As we continue the march from the industrial age to the information age the tectonic plates of globally-focused businesses, digital nomads, and information abundance have combined to massively transform a range of industries already and are hardly finished. One of the most important changes is in how organizations manage data and processes.

These changes originally powered the first generation of collective process management tooling which was focused on providing the base business process automation for a given enterprise. This generation of tooling, led by companies like SAP, Oracle, and others, effectively leveraged economies of scale over data and data processing power which on-premise data centers could provide. This generation of software emphasized the enterprise as the center of the universe.

These same changes later powered the second generation of collective process management tooling which is focused on extending the benefits of software defined process automation into smaller businesses. This generation of tooling, led by companies like SalesForce, Xero, Github, and others, effectively leveraged economies of scale over data and data processing power which IaaS systems could provide (until they eventually needed their own data center). This generation of software emphasized the “App” (or, latterly, the “Platform”) as the center of part of the universe.

In our view we are entering into the third generation of collective process management tooling which will focus on extending the benefits of software defined relationships for businesses of many different sizes. This generation of tooling, which will be led by the companies we currently label “blockchain” and “smart contract” companies, will leverage the economies of redundancy over data and data processing power which networks of peers can provide. This generation of software will emphasize the “Ecosystem” as the center of part of the universe.

Generation Process Automation Overview Winning Companies
1st Generation Enterprise Focus Leverage economies of scale for data centers to synchronize paper-based internal processes of large companies SAP, Oracle, etc.
2nd Generation SME Focus Leverage economies of scale of cloud providers to synchronize paper-based internal processes for smaller companies SalesForce, Xero, Github, etc.
3rd Generation B2B Relationships Leverage blockchains and smart contracts to build harmonized applications that operate on an ecosystem level Winners being made now

The Big Problems Previous Technologies Haven’t Effectively Solved

In order to move forward with the next generation of collective process management tooling, we need to understand what are the big challenges which businesses face.

One of the biggest changes is in the likely reduction in competitive economies of scale for producers of goods. Increasing equalization of labor and resources costs in a truly globalized economy are very likely to create a context where one of the great cost differentiators for the production and distribution of physical products is transportation. This is, in turn, likely to require many supply chains to move toward more connected producers hooked into a range of distribution networks from local to global in scope.

As 3D printing, makers shops, and manufacturing automation continues to equalize the ability of more connected producers to competitively build physical products and as technology such as automated air and ground transportation along with increased shipping efficiency continues to equalize the ability of more connected producers to competitively distribute physical products, it is highly likely that more connected producers will gain in relative power to larger producers for many types of goods in the future.

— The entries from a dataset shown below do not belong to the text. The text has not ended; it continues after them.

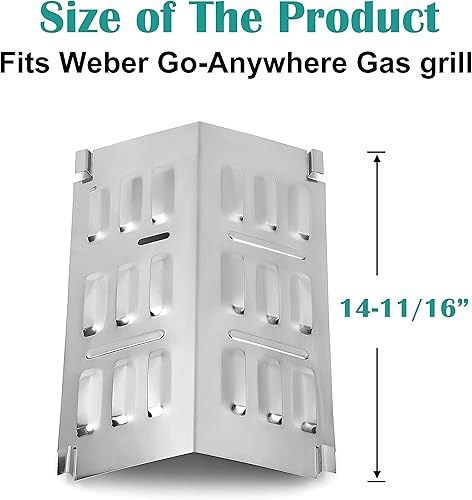 Miniatura 2 de Barra aromatizante de acero inoxidable para Weber 1141001 Go-Anywhere Gas Grill, repuesto para Weber 9201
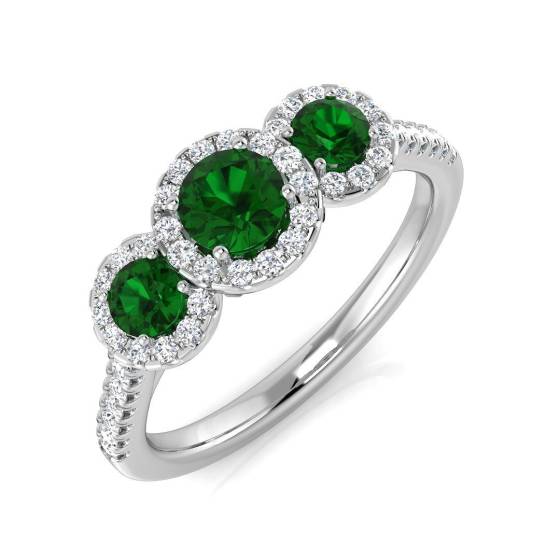 0.77ct SI2/G Round cut Green Emerald Gemstone Ring in Platinum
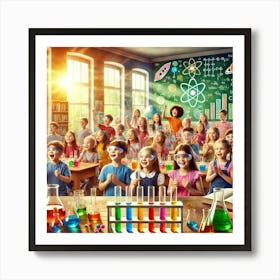 Learning In Action Wall Art An Engaging Classroom Science Experiment Scene To Inspire Curiosity And Joy In Students, Perfect For Schools Or Study Rooms Print Art Art Print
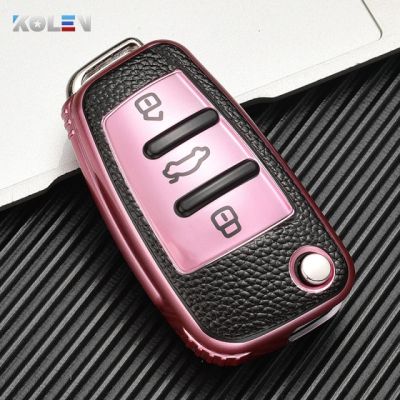 เคสหุ้ม Kunci Remote Mobil หนัง Tpu มีสายสำหรับ Audi C6 R8 A1 A3 Q3 A4 A5 Q5 A6 S6 A7 B6 B8 8P 8V 8l Tt ตัวป้องกันกุญแจ Rs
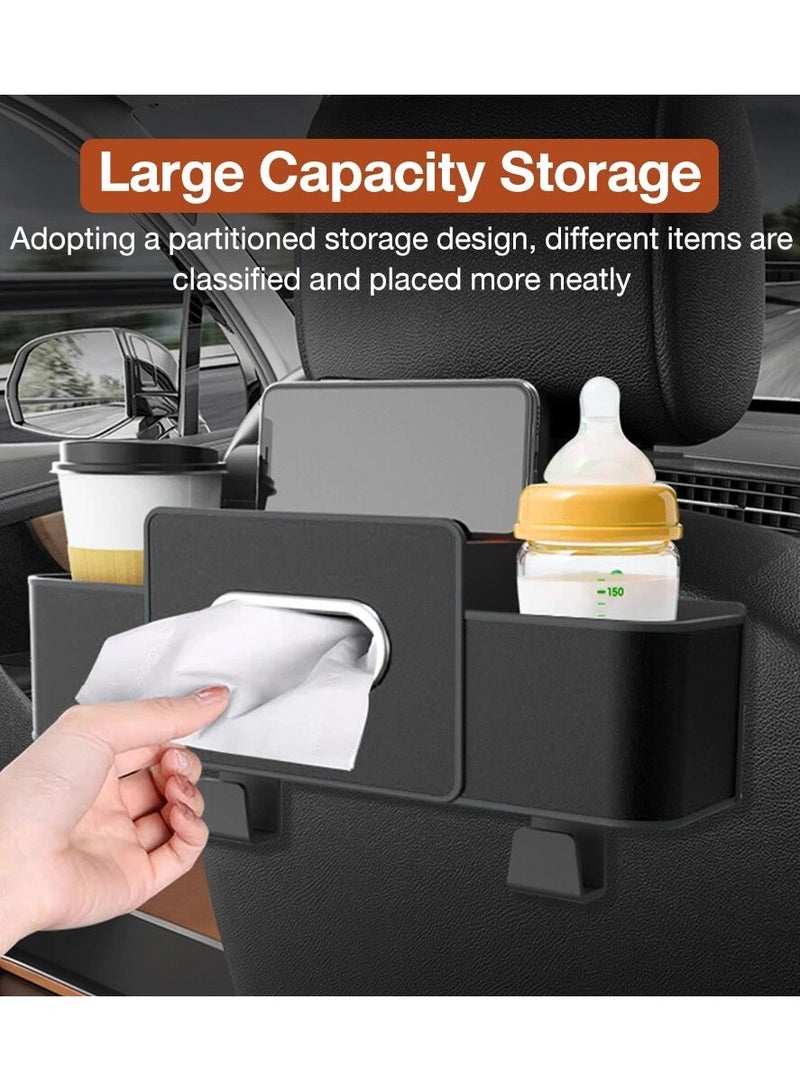 Car Tissue Holder PU Leather, Black Car Organizer with Cup Holder, Car Seat Back Storage Bag with Hooks, Car Tissue Box with Phone Holder, Multifunctional Car Organizer for Most Vehicles - Image 3
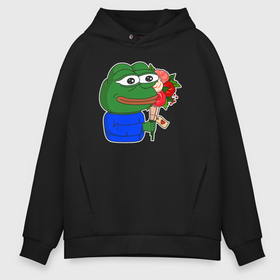 Мужское худи Oversize хлопок с принтом Лягушонок Пепе с цветами в Смоленске, френч-терри — 70% хлопок, 30% полиэстер. Мягкий теплый начес внутри —100% хлопок | боковые карманы, эластичные манжеты и нижняя кромка, капюшон на магнитной кнопке | Тематика изображения на принте: 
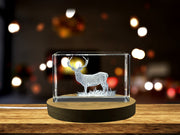 Red Deer Trophy Recognition Award Crystal Sculpture with Free LED Base Light - Exquisite Nature Gift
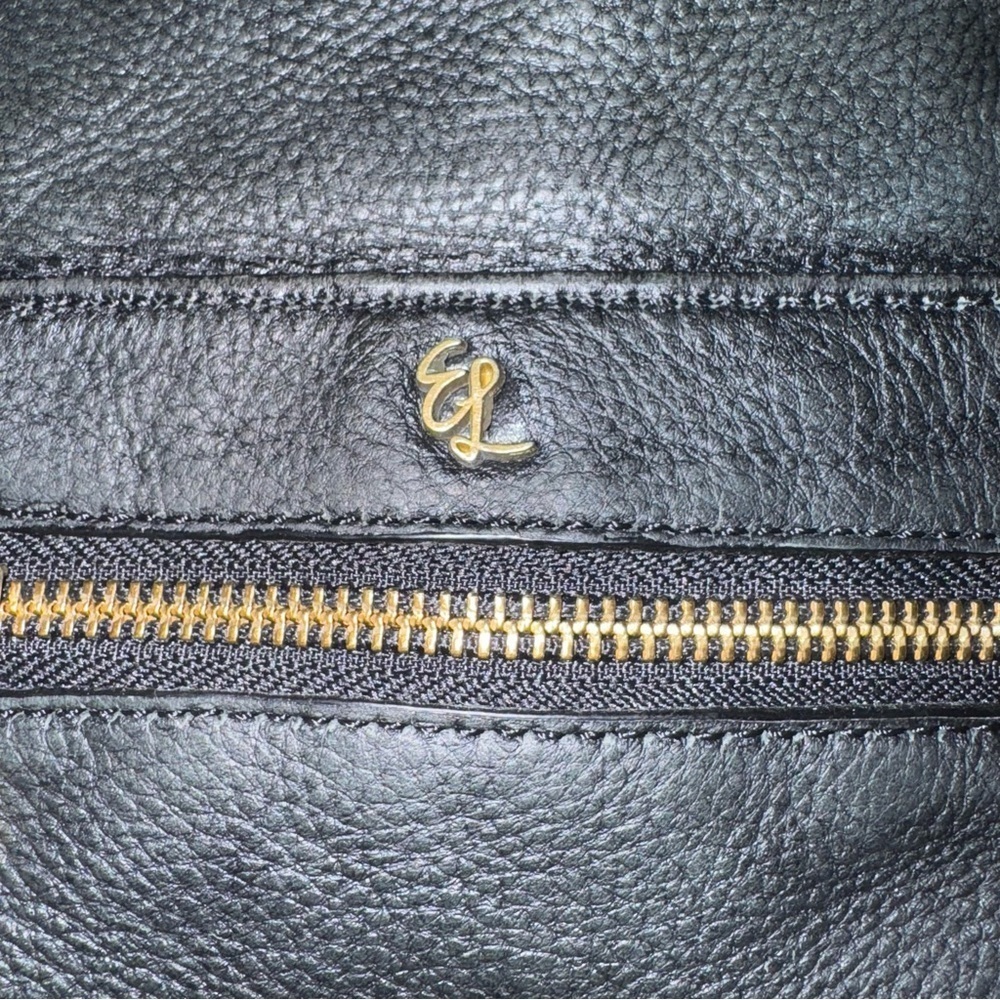 ELLIOTT LUCCA Gwen Black Pebbled Leather Gold Chain Strap Crossbody Bag - Picture 9 of 16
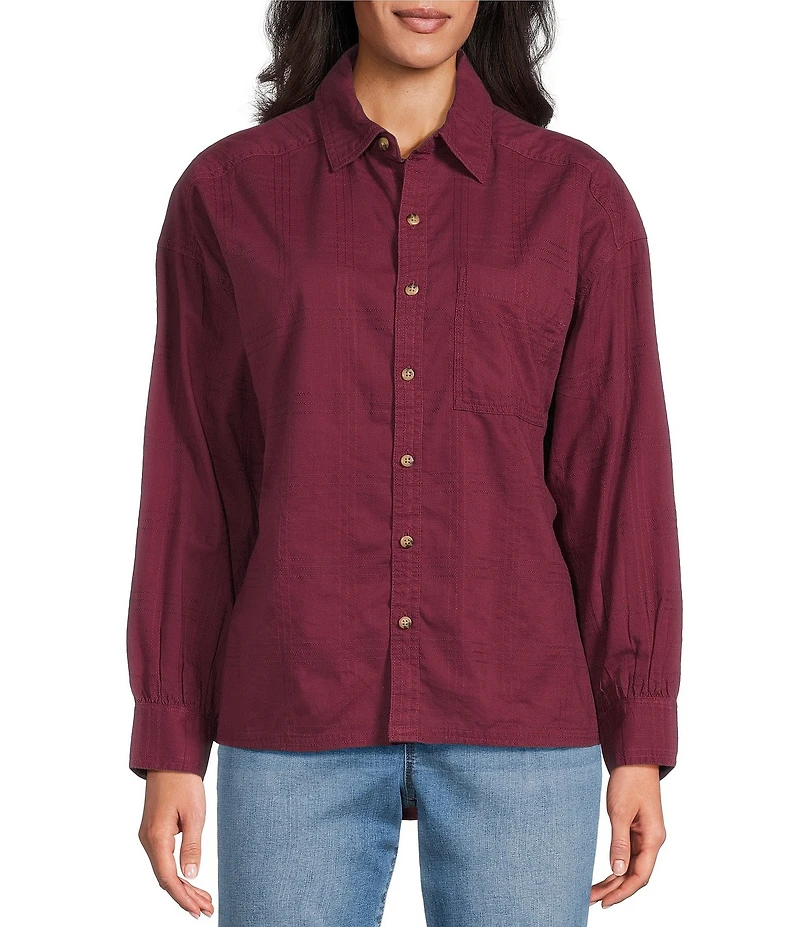 Westbound Petite Size Woven Plaid Collared Oversized Long Sleeve Top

These vectors align in the direction that connected is hot and isolated is not. The problem is that connected has been hard to scale. By way of a simple example, a small business in some portion of the world can always list their products on the internet. By doing so they have an ability to find customers, prepare shippings, and deliver to a global customer base. This is elegant. Yet it is not totally realistic for the vast majority of small businesses.

Thus the theory behind EBay, Amazon, and Etsy’s successes – they act as the front office of a global customer base and the small business just needs to act as the back office (and also make good products). But Amazon, et al., do more than act as the front office. They also run “the platform” on which these small businesses can sell their goods. These “platforms” will list products, process transactions, provide customer servicing add-ons, or whatever suits the business of the platform.

So if we are truly in a globalized world where connected matters more than isolated, how do the connected effectively scale without having to rely on “the platform”? What if they want to run “the platform” themselves by banding together? As an ecosystem. How can they build applications that run on an ecosystem level, or, as we call them ecosystem applications?

Ecosystem Application Toolkit

The toolkit for ecosystem application builders includes many of the peer-to-peer technologies developed since the 1990’s and some that have been more recently developed.

Tool Problem It Solves Nerdy Term
blockchains who did what when attributable data
smart contracts computation that happens in an agreed manner deterministic computation
data lakes what content are we talking about content addressable storage
point-to-point messaging come over here I want to tell you a secret shared secrets

Blockchains

The problem that blockchain technology solves is not electronic P2P cash, nor is it settlement latency, it is the problem of attribution and ordering of inbound events; at an ecosystem level.

When we send someone a bitcoin, what are we “really” doing? Well, we’re signing a message which says that “I, keyholder of key X, am transferring title over this ‘object’ (in the example’s case, a bitcoin) to the keyholder of key Y.” Our signed message then is broadcast across the network. The network in turn analyzes this message to determine if the message has been properly signed, if the “sender” does indeed have title over ‘object’, and if it has the network transfers title over the “object” in question to the keyholder of key Y.

Of course, in bitcoin’s case, there is a censorship-resistant, permissionless network behind all of it, but that is not the interesting bit. The interesting bit is that the network, without relying on passwords or logins, is able to effectively attribute actions. Blockchains are forced to do this because passwords and logins cannot safely be “held” at a network level. In traditional software architecture, they can be safely “held” by an application that is designed to run under the control of a single entity. Yet, if we take away the assumption that there will be a single arbiter of the password then we need to utilize a different system for attribution.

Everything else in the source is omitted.